#### RAW DATA:
Start of Block

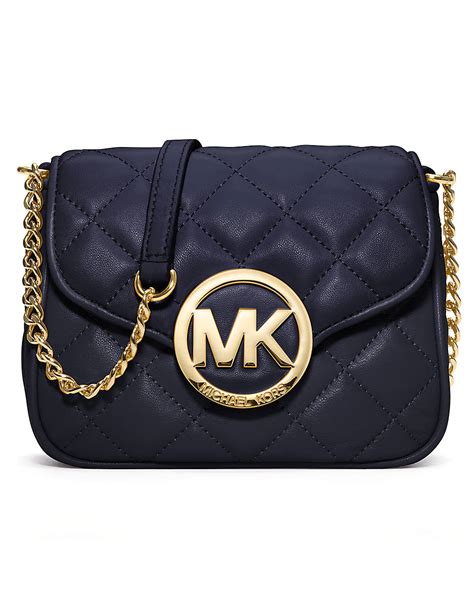 michael kors fulton small crossbody navy|Michael Kors fulton crossbody handbag.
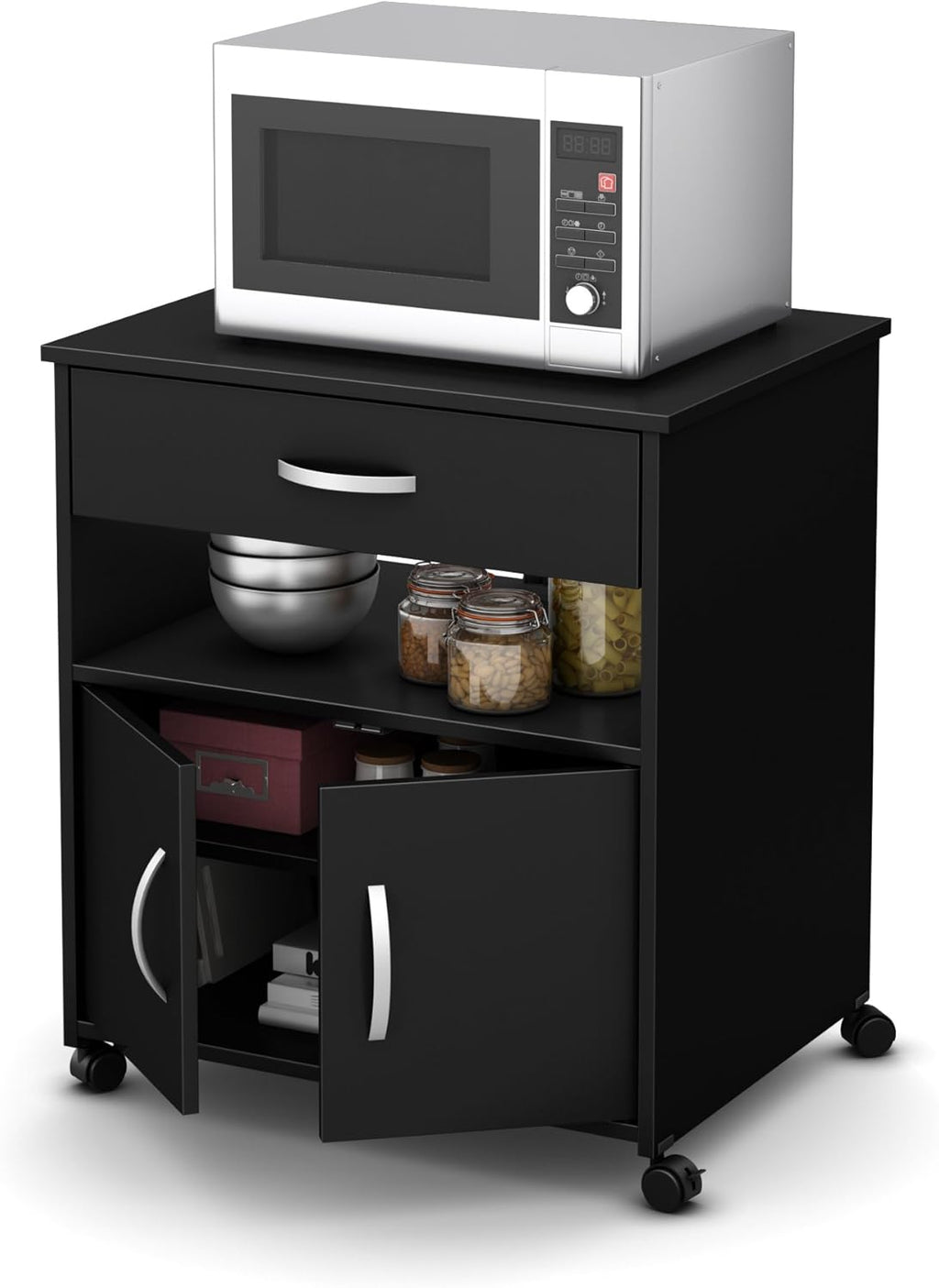 Microwave Cart on Wheels K113188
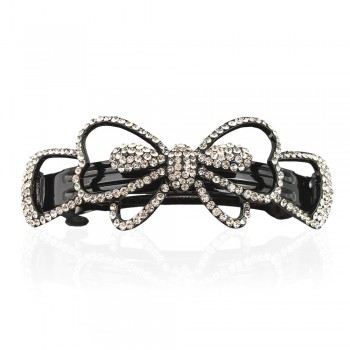 Заколка автоматична для волосся зі стразами (5901)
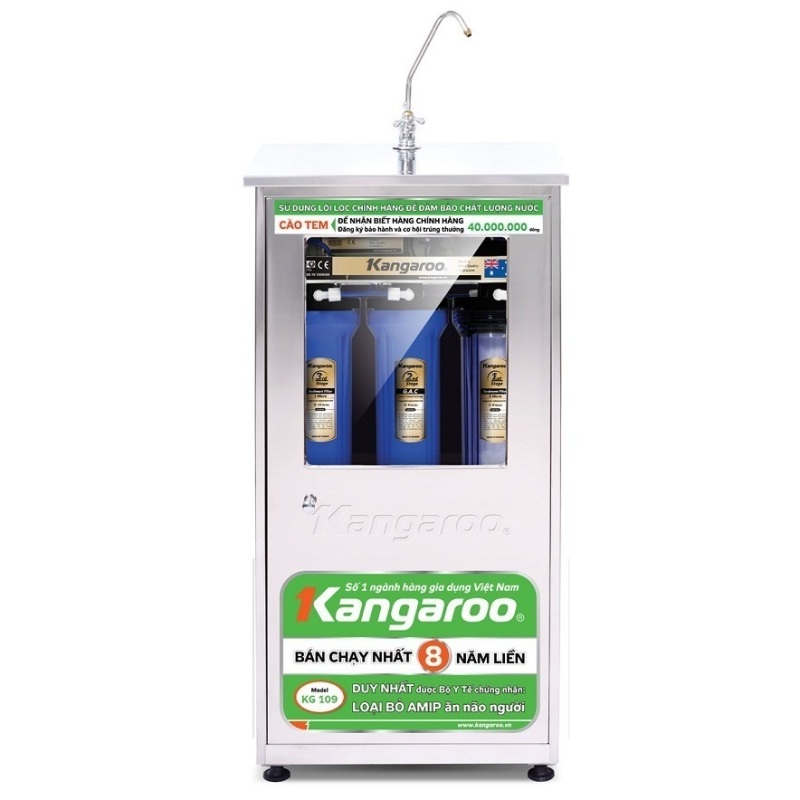 Máy lọc nước R.O vỏ KNT Kangaroo KG113KNT (Inox)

End of Block

#### WORK ORDER:
Would you give the data above again word for word, skipping any images?

#### EXERCISE OUTPUT:
 michael kors fulton small crossbody navy|Michael Kors fulton crossbody handbag.
 Microwave Cart on Wheels K113188
 Заколка автоматична для волосся зі стразами (5901)
 Máy lọc nước R.O vỏ KNT Kangaroo KG113KNT (Inox)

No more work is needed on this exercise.